I thought his observation that the students were attempting to “bring him down to our level” was astute, as jokes like this can help to poke fun at authority figures. This joke originated, as far as either of us know, on the Facebook page “USC Memes for Spoiled Pre-Teens.”


Marshall Snakes

This USC-specific internet meme was described by a classmate after class had ended. It refers to students in the Marshall School of Business.

“Um, Marshall students are, like, known for being, like, snakes. And, I guess the snakes are supposed to be like, that they’re sneaky and like mean and bad, and like, um, cross you over. And so they get a lot of shit on the page for being, like, assholes really. And so like, there’s all these memes about, like, snakes, and how Marshall students are like snakes, and how it’s funny, and how everyone should hate them.”

This meme originated on the Facebook page, “USC Memes for Spoiled Pre-Teens.” She described this page to me as well:

“All of this information is…information can be found, basically like on this USC memes page, um, that a lot of USC students are on, um, or have gotten invited to, and add little posts to, and um, things that are basically just funny to the entire student generation. Or, yeah, student…not generation, I don’t even know what we’re called. Um, body, yeah that’s it.”


The Nazi Tree

Main piece:

The legend goes that VKC (who was a Nazi and a eugenicist in addition to being President of the University [of Southern California]) got a donation of a tree from the Nazi party that’s still on campus today.

Some people think that it’s the Fig tree by Moreton Fig, but that’s definitely not right. If you dig around it’s supposed to be an oak tree behind Bovard.

Now, a ton of people deny this – including administrators. But I am pretty sure that it’s the one on the back corner of Bovard – closest to the old Annenburg building. I’m sure that if more people knew, they’d want to cut it down or something. But for now, we’ve got a Nazi tree on campus.


Drew is a sixth generation Trojan, and is a Trojan Knight. He is intimately familiar with USC’s history and culture.


Recently, USC’s former president Rufus B. Von KleinSmid has come under fire for his Nazi affiliations. The Nazi tree story plays into this contemporary controversy.

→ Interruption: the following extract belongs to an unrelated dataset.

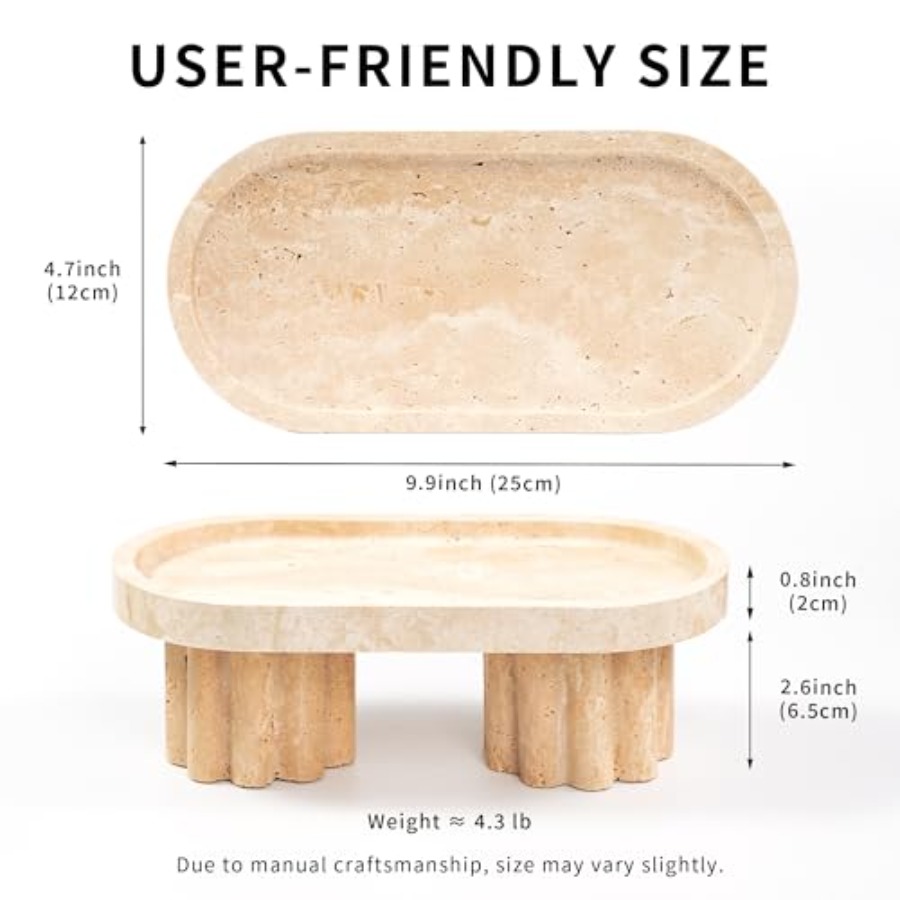 Travertine Marble Perfume Tray - Travertine Tray Oval 리뷰 및 가격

Trees are inherently monumental. That a progressive and diverse college campus like USC could have a flagrant and distasteful symbol on campus as a Nazi tree is entertaining in a sick way. It’s also a little mysterious that there is uncertainty about which tree is the Nazi tree. It adds to the drama of the story, and causes more mental nagging on the part of USC students who hear the story. Any tree could be the Nazi tree.